The record-low Sierra Nevada snowpack was another indication of the severity of California’s drought, which is affecting everything from agriculture to hydropower generation.
California’s Sierra Nevada mountains haven’t had this little snowpack since the days of Christopher Columbus.
That’s the finding of a new study released Monday indicating this year the state has seen its lowest snowpack in 500 years, and climate change may cause greater water shortages in the already drought-stricken, wildfire-ravaged state.
This past spring, the mountain range had just 5 percent of the average snowpack recorded in the second half of the 20th century, and scientists said the findings indicated “the 2015 low is unprecedented in the context of the past 500 years.”

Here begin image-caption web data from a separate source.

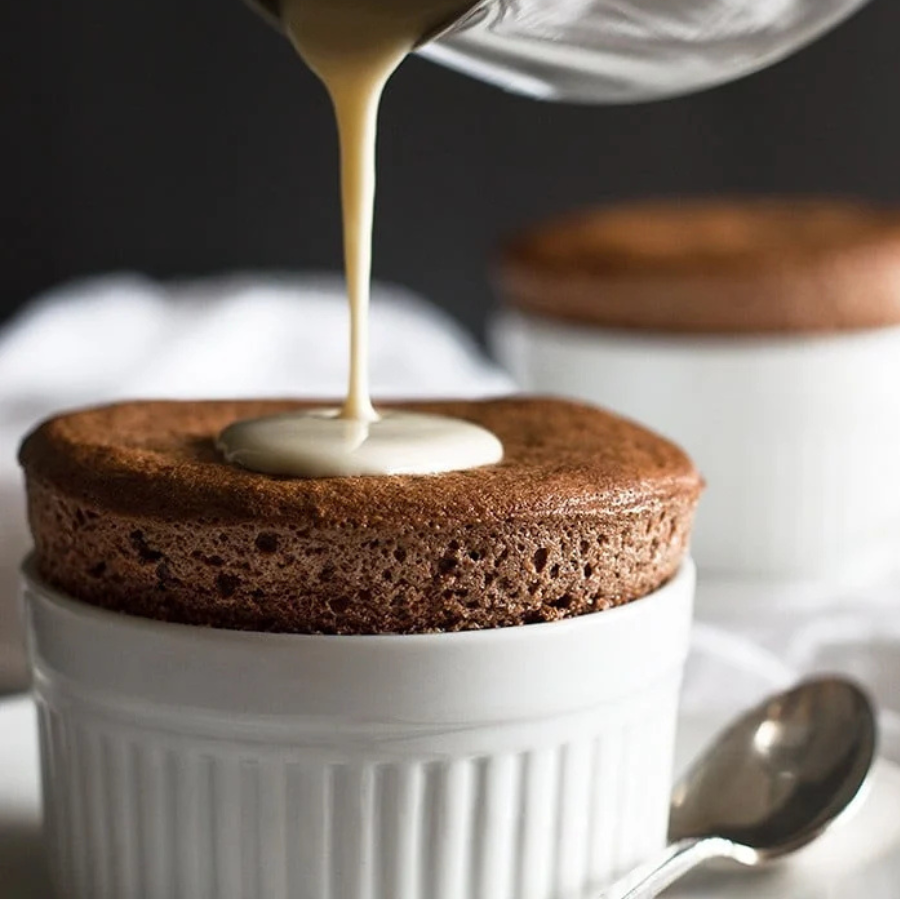 Chocolate souffle being drizzled with cream in a white ramekin.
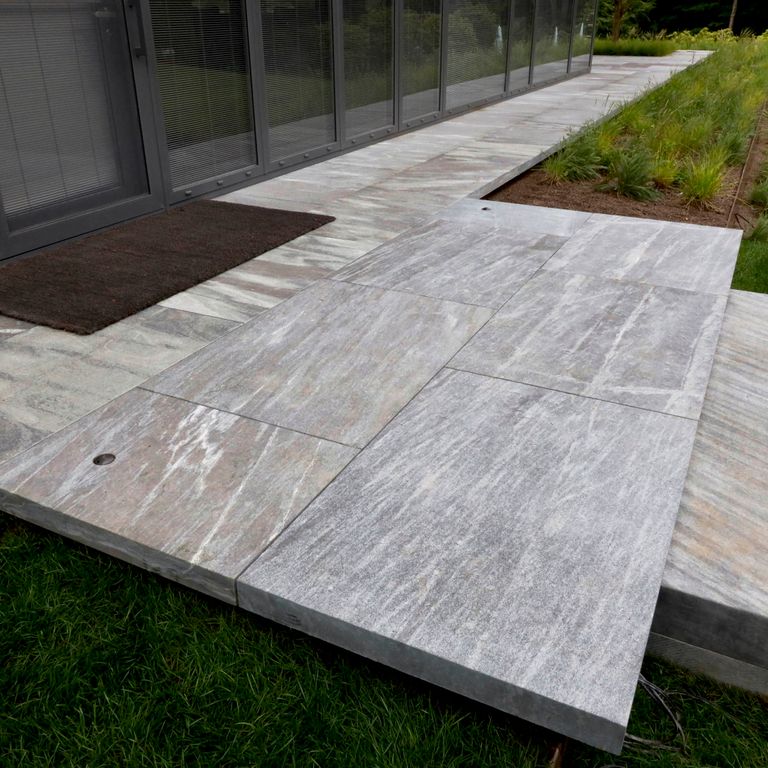 The image shows this product being used for Granite - Mystic Mountain- Dimensional Cut Pavers.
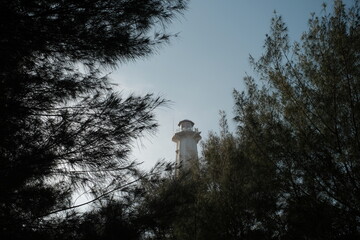 the view of the lighthouse in the evening at pandansari beach, Bantul, Yogyakarta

The study found that the depth of snow at 108 measuring stations in the Sierra Nevada on April 1 was just 2.3 inches in “snow water equivalent” – the depth of the water if the snow melted – against an average 27.5 inches from 1930-2014.
“We were expecting that 2015 would be extreme, but not like this,” said senior study author Valerie Trouet, a paleoclimatologist at the University of Arizona, in an interview with the Los Angeles Times.
“Sierra Nevada snowpack plays a critical role in replenishing the state’s water reservoirs and provides 30 percent of its water supply,” according to the study, led by the University of Arizona.